In close game, Syracuse loses to No. 5 North Carolina for 8th-straight time, 93-85
Courtesy of Dennis Nett | Syracuse.com
CHAPEL HILL, N.C. — In his final year at Kansas, Roy Williams’ squad fell to Syracuse at the 2003 NCAA National Championship. When Williams met SU head coach Jim Boeheim for a handshake and hug at center court, Boeheim told him: “You’ll be back someday.”
He came back and won — delivering three national titles at UNC, five Final Fours and earned himself a Hall of Fame induction. He’s had enormous success, and his teams have dominated Syracuse since the Orange joined the Atlantic Coast Conference in 2013-14. Williams and UNC have beaten Syracuse again and again and again.
And again.
The Tar Heels’ (23-5, 13-2 Atlantic Coast) 93-85 win Tuesday night against Syracuse (18-10, 9-6) at the packed Dean Smith Center was no different from many of their others. They extended their winning streak over SU to eight-straight games, bullying SU on the boards and dictating a scoring pace that couldn’t be matched.
Few coaches have had Syracuse’s number like Williams, who said after the game: “Rebounding was big for us tonight.” He improves to 8-2 against the Orange with UNC.
The latest punch: an eight-point victory in late-February this season, when Syracuse came into a loud building looking for its fourth Top 25 win of the season against a team that had won 10 of its last 11. The Orange put on their best offensive show since their 95-91 overtime win at Duke. The Tar Heels wanted to play at a fast clip, and the Orange showed they could match that almost basket for basket. They were in the game, right there on the cusp, for 39 minutes and more.
Yet the Orange fell victim to the root of their issues against UNC: rebounding. The Heels won the battle on the boards, 46-25, a margin of 21.
“This was a good outing for us,” Boeheim said, adding: “They hurt everybody on the boards.
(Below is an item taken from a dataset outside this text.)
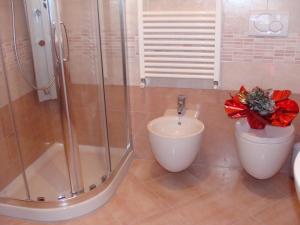 Kúpeľňa v ubytovaní La Coccinella B&B + 19 fotografií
They hurt us big-time on the boards in the second half.”
In seven of the teams’ last eight meetings, UNC has smacked SU on the boards. The Tar Heels had had more second-chance points than Syracuse in each of their last seven matchups, averaging 17.4 per contest. It amounted to 16 second-chance points by the Tar Heels on Tuesday.
“They’re good on the boards,” Boeheim said, “and we’re not.”
The 9 p.m. game opened with a fast Syracuse start. Junior forward Elijah Hughes drilled 5-of-9 3-point attempts, finishing with 15 points. SU tallied 13 first-half assists and turned over the ball only three times. Much like the Duke upset a month ago, the Orange traded baskets with a high-powered, balanced offense. They attacked off the dribble and knocked down shots. Scoring came in multiple ways from multiple sources. Junior guard Tyus Battle led the way with 29 points and five rebounds.
But in the second half, the crowd ooh’d at freshman guard Coby White’s nifty crossovers and deep 3s. They rose to their feet after an and-one that stunted Syracuse’s momentum. Next, a White lob to Garrison Brooks — who slammed the ball with two hands — sent the arena into delirium.
Suddenly, UNC boomed ahead to a 15-3 run out of the break. Facing their third-straight ranked opponent, the Orange didn’t contain White. On one sequence, when he drilled a long 3-pointer, he had no doubt where it was headed, already beginning his trot back on defense. He followed it up with a breakaway dunk to push the lead to eight. The North Carolina bench brimmed with optimism, towels waving and high-fives all around. White, whom Williams called the “best scoring point guard I’ve coached,” finished with a game-high 34 points on 14 shots.
On the boards, UNC quietly tacked on chance after chance. It elongated possessions and took time off the clock, swiftly moving the ball along the perimeter and through a rotation of big men near the Carolina blue paint.
“That’s the best rebounding team we will play, probably the best rebounding team in the country,” said SU freshman guard Buddy Boeheim, who scored eight points. “They have big guys down there. They send three or four, sometimes five guys. That’s what they do best.”
“They’re relentless,” Buddy added. “They know if they take tough shots, even if they miss them, they’re going to have three or four guys running inside, already with position in there. It’s hard to adjust to that.”
North Carolina, which Boeheim called “probably the hottest team in the conference,” leads the country in rebounds per game. They’ve won 11 of their last 12. Syracuse opponents, meanwhile, have rebounded nearly a third of its own misses. Therein appeared to be a mismatch that tilted in UNC’s favor. Crashing the boards is an art — UNC generally crashed three or four players Tuesday night — and its length and size helps. Players timed their jumps and picked spots they predicted the rebound would go.
Three games remain on the Orange’s regular-season schedule. They showcased at UNC a balanced offense that could score when they needed to, and Boeheim said 85 points is encouraging. Buddy said the offense is “right where it needs to be.” But twice in the past two games, they’ve led a top-five team at halftime. Twice, they’ve started fast. Twice, they haven’t kept pace in the second half, letting a pair of possible top-five upsets fade away.